"When I was a young rebel in the seventies, I received the news that my brother-in-law and eldest sister were emigrating to Australia with pious indignation. I felt that despite the injustices, Malaysians should stay and fight for our rights while helping to build the country.
It was easy for me to say as a property less and angry young man. But could I honestly feel how my brother-in-law felt as a professor of medicine in University of Malaya, watching the compromises to academic excellence in the name of bumiputeraism and suffering the indignity of being systematically bypassed in his career advancement?
His warning of the possible de-recognition of UM's MBBS degree by the British Medical Council was not heeded and this became a reality in the Eighties. The rest is history…"
"Until today, some people I meet still ask if I’ll be emigrating to the UK since my kids are studying in the UK and I have a British wife. My answer is always: "If I had wanted to emigrate, I would have done so in the seventies!"
When I finally finished my PhD, I returned to "build my homeland" in the early eighties. I could have stayed and enjoyed a good bourgeois existence in Britain enjoying the English countryside, good ale and the arts but my social conscience would have got the better of me ere too long…
Back in Malaysia at the end of 1982, apart from working I wrote profusely in response to many issues confronting our society during that time. It was a period when the press was relatively freer and while it was "owned by the MCA", it was "edited by the MIC for the DAP", as we used to say.
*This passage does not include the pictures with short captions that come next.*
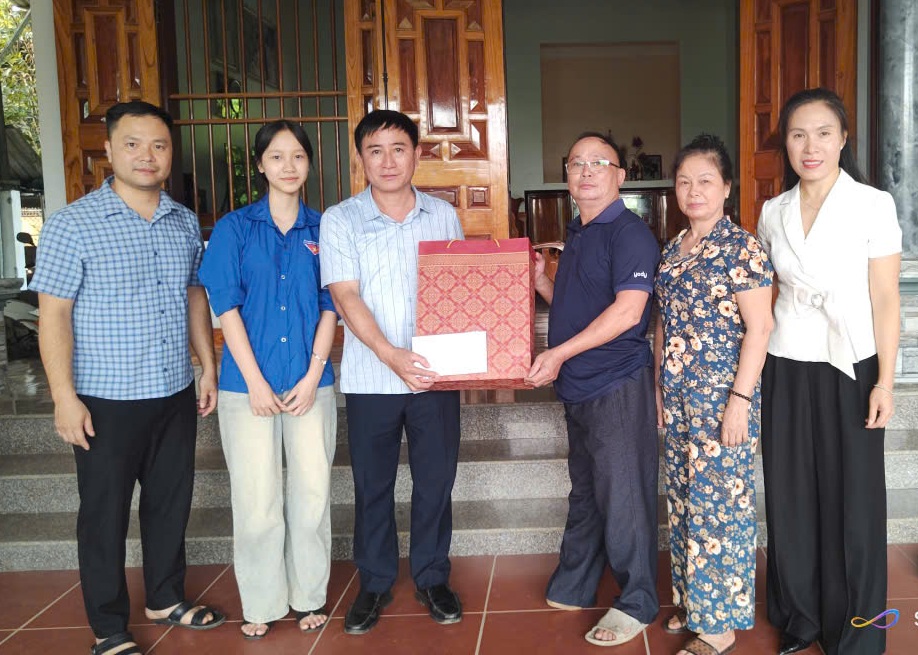Đoàn công tác của xã Minh Thanh thăm, tặng quà các gia đình chính sách, người có công nhân dịp kỷ niệm 79 năm ngày thương binh liệt sỹ.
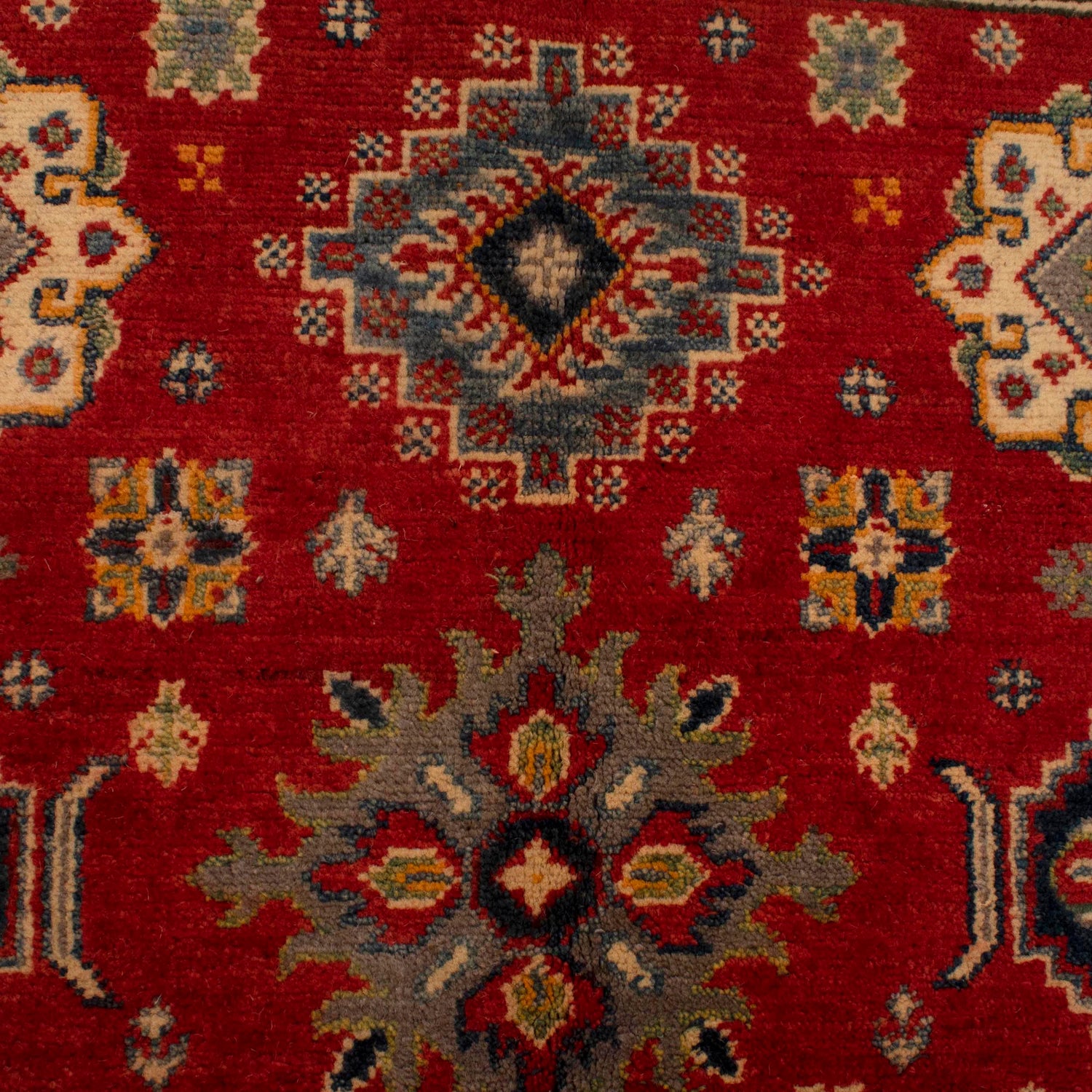 Hand knotted Kazak Carpet 4' 0" x 6' 0" ft / 121 x 182 cm - No. W34047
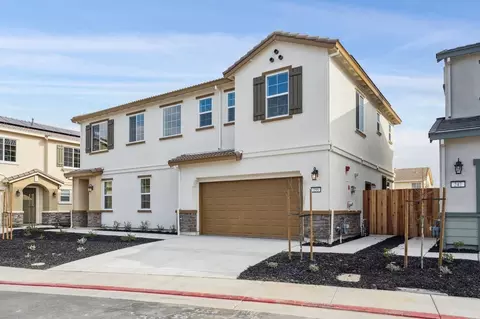 Exterior - 208 Mindy Way, Pittsburg, CA 94565 photo 4 of 5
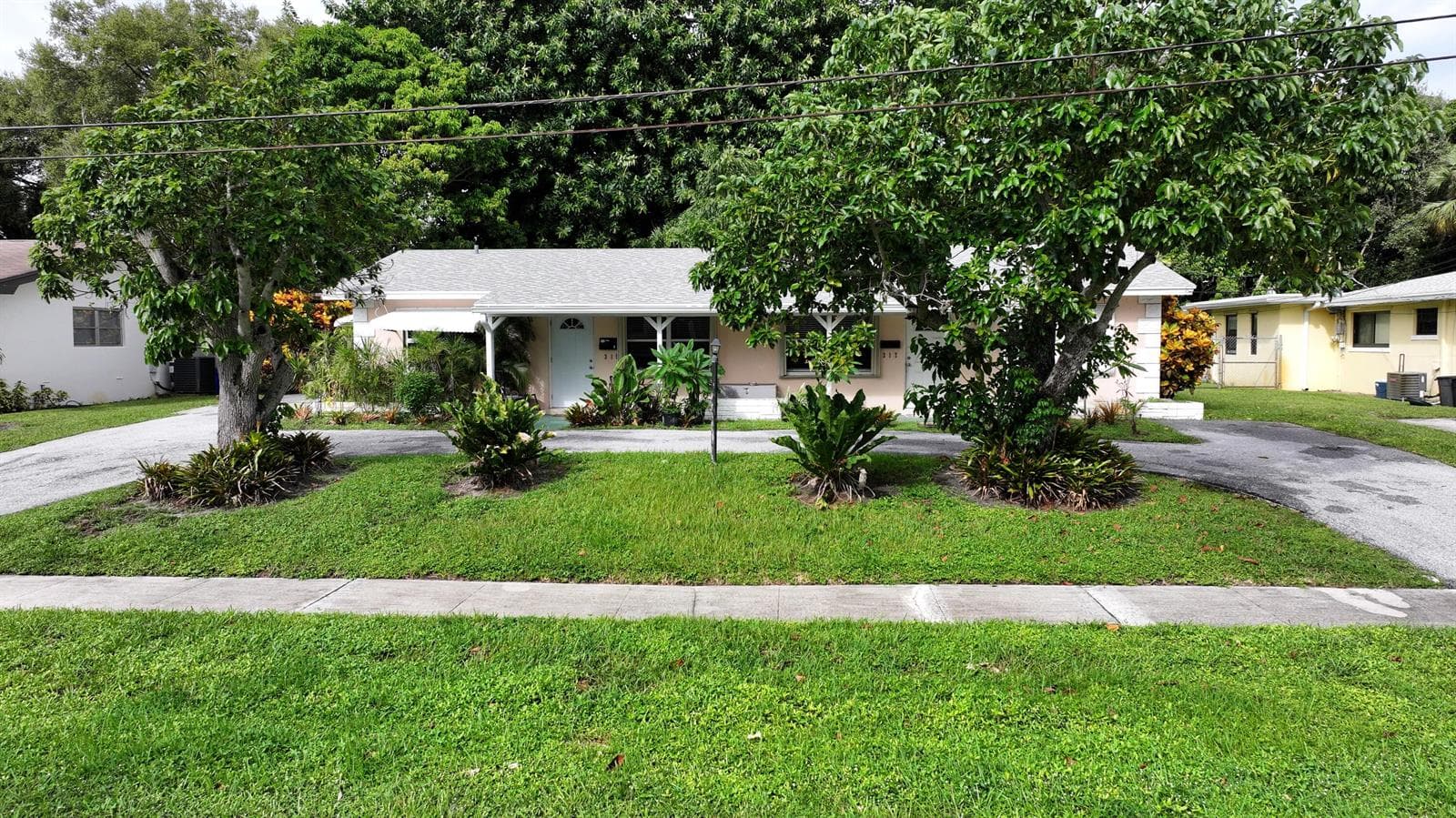 315 Northlake Drive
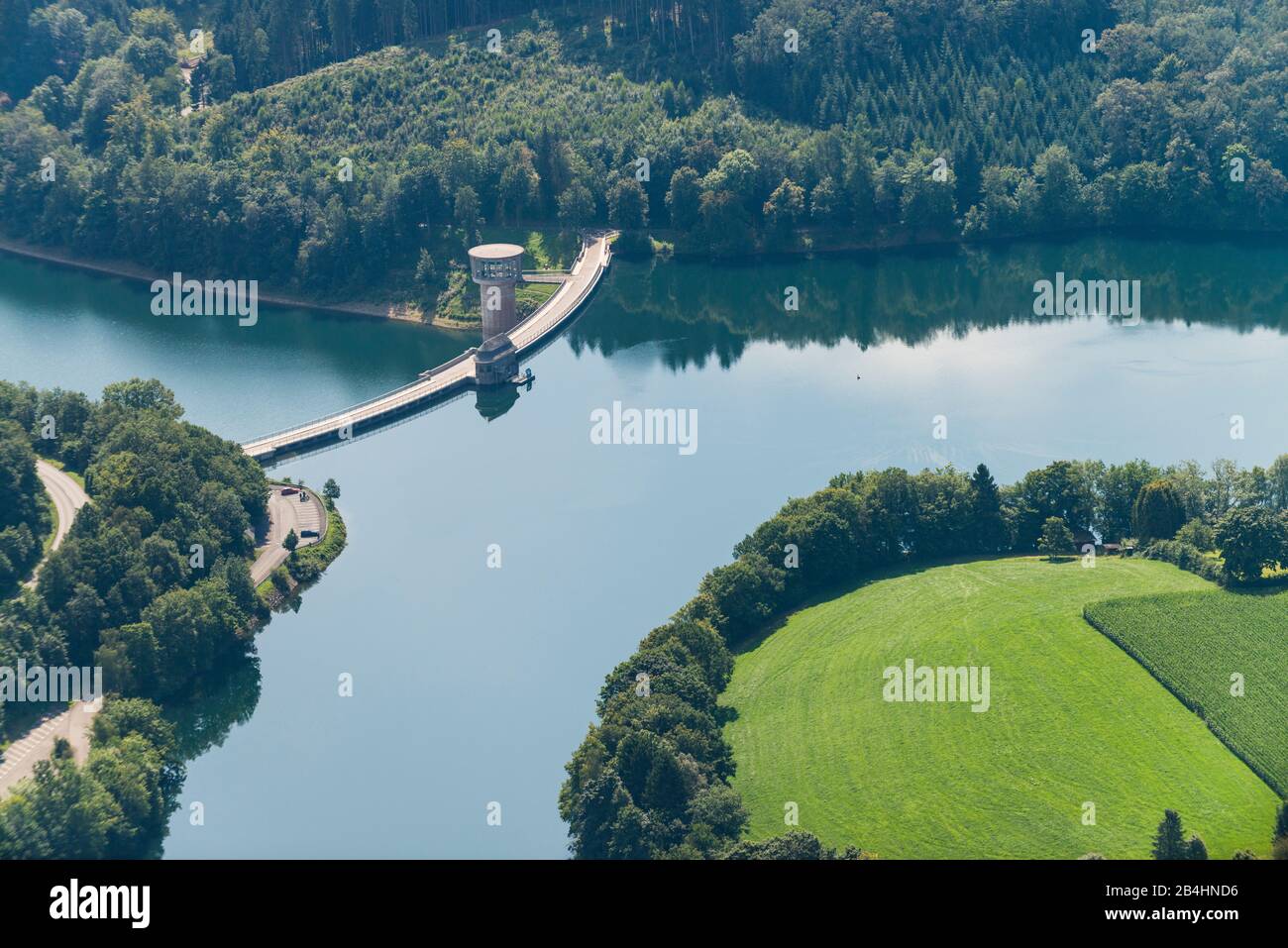 Vue aérienne de Listertalsperre, barrage et réservoir Banque D'Images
During Operation Lalang in October 1987.
It turned out to be a false spring. The eighties were the heyday of activism in the country which culminated in the "Operation Lalang"crackdown. The BN government showed its appreciation of my nation building efforts by arresting and detaining me without trial."
ISA 'rehabilitation'
Detention without trial under the ISA is a good test of one's patriotism. During the first sixty days of solitary confinement when the special branch was trying to 'rehabilitate' me, I remember they had a three-pronged approach to my rehabilitation programme (sic),viz.:
(i) Why don't you emigrate since you have a British wife rather than"cause trouble" here?
(ii) Why don’t you join the Barisan Nasional instead of always siding with the opposition?
(iii) Why can't you be like Khoo Khay Kim instead of speaking for those Chinese educationists?
To the first question, I told them I was a Malaysian who had come home to serve the country.
To the second, I said it was against my principles to join racist political parties.
To the third, I said, "You've already got one Khoo Khay Kim, why do you want another?"